▸ **Records for this exercise**:
◆ ◆ ◆ ◆ ◆ ◆ ◆
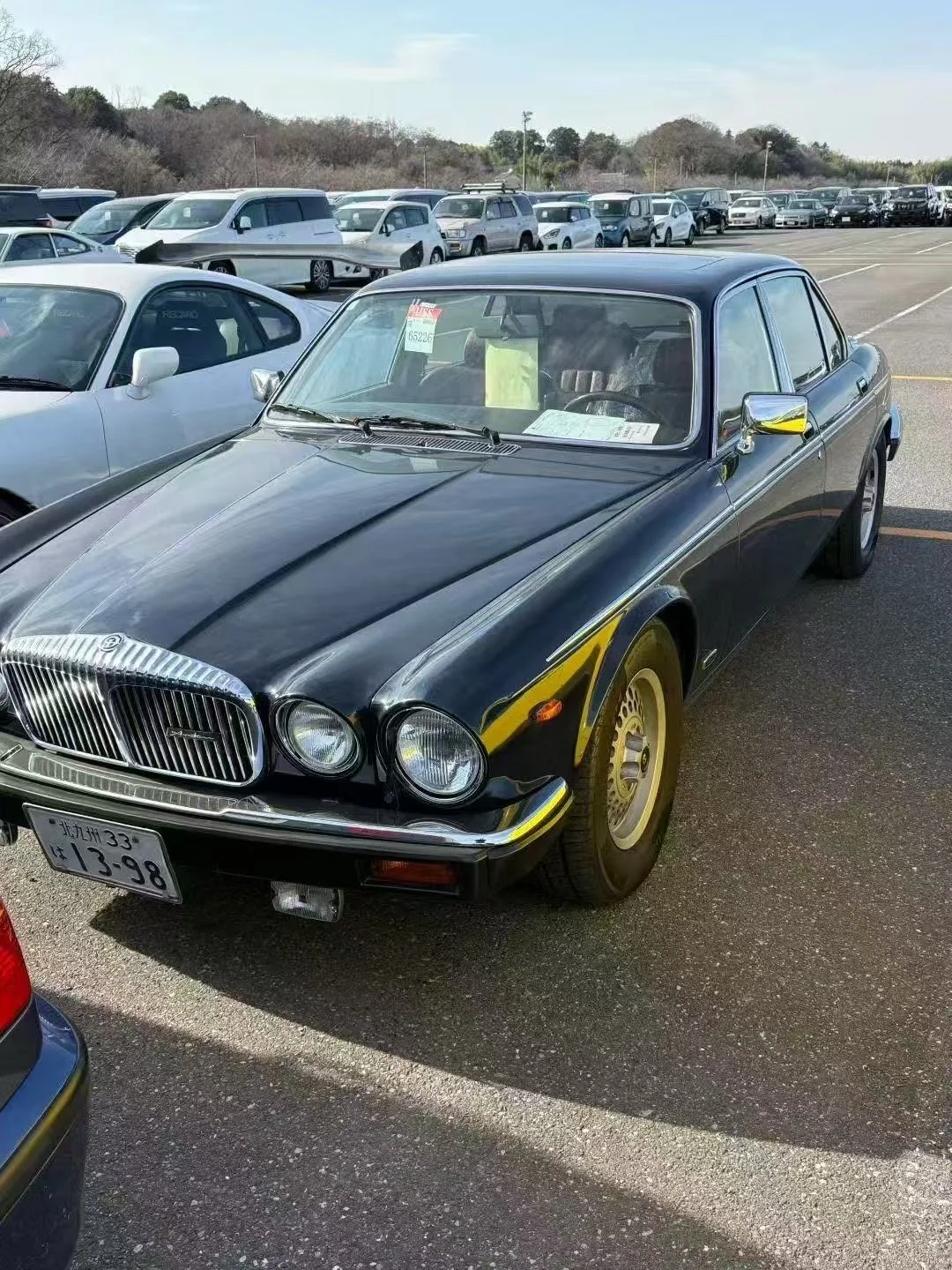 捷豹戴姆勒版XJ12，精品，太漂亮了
◆ ◆ ◆ ◆ ◆ ◆ ◆
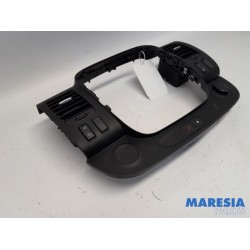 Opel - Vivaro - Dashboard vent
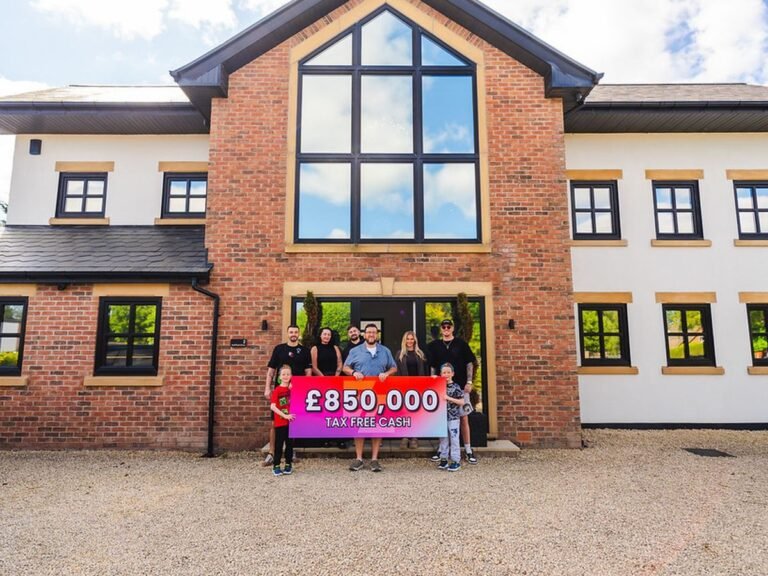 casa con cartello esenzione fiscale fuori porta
◆ ◆ ◆ ◆ ◆ ◆ ◆
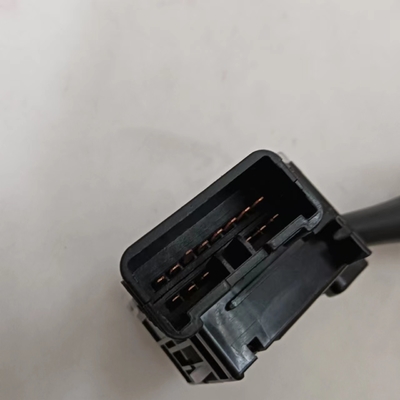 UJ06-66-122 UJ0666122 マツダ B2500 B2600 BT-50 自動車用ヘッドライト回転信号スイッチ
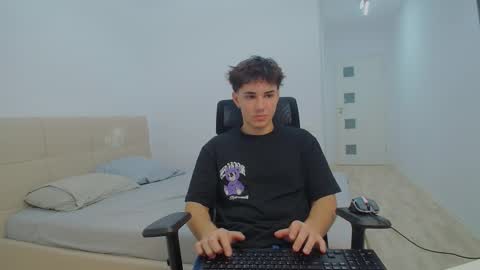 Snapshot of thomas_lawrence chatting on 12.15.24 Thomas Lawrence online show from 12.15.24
◆ ◆ ◆ ◆ ◆ ◆ ◆
▸ **Exercise prompt**: Reproduce the listing above only between the lines holding "Opel - Vivaro - Dashboard vent" and "casa con cartello", inclusive. Every line must match exactly, and pictures are dropped.

▸ **Written response**:
 Opel - Vivaro - Dashboard vent
 casa con cartello esenzione fiscale fuori porta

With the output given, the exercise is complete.